◆ Exercise instructions
Begin at the line containing "Трёхметровый единорог художника" in the entries below and end at the line containing "Muñeca bebé niña con chupete"; transcribe that range exactly and nothing outside it.

◆ Records provided
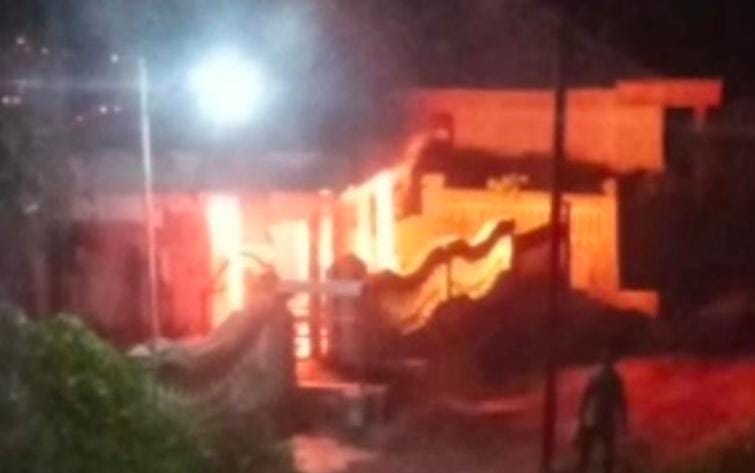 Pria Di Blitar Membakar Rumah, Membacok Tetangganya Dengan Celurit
* * *
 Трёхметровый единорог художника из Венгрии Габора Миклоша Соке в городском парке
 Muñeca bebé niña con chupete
* * *
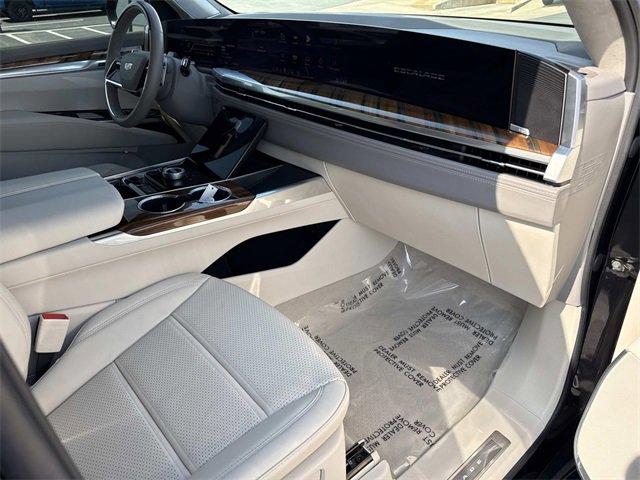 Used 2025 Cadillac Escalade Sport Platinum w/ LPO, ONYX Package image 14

◆ Exercise response
 Трёхметровый единорог художника из Венгрии Габора Миклоша Соке в городском парке
 Muñeca bebé niña con chupete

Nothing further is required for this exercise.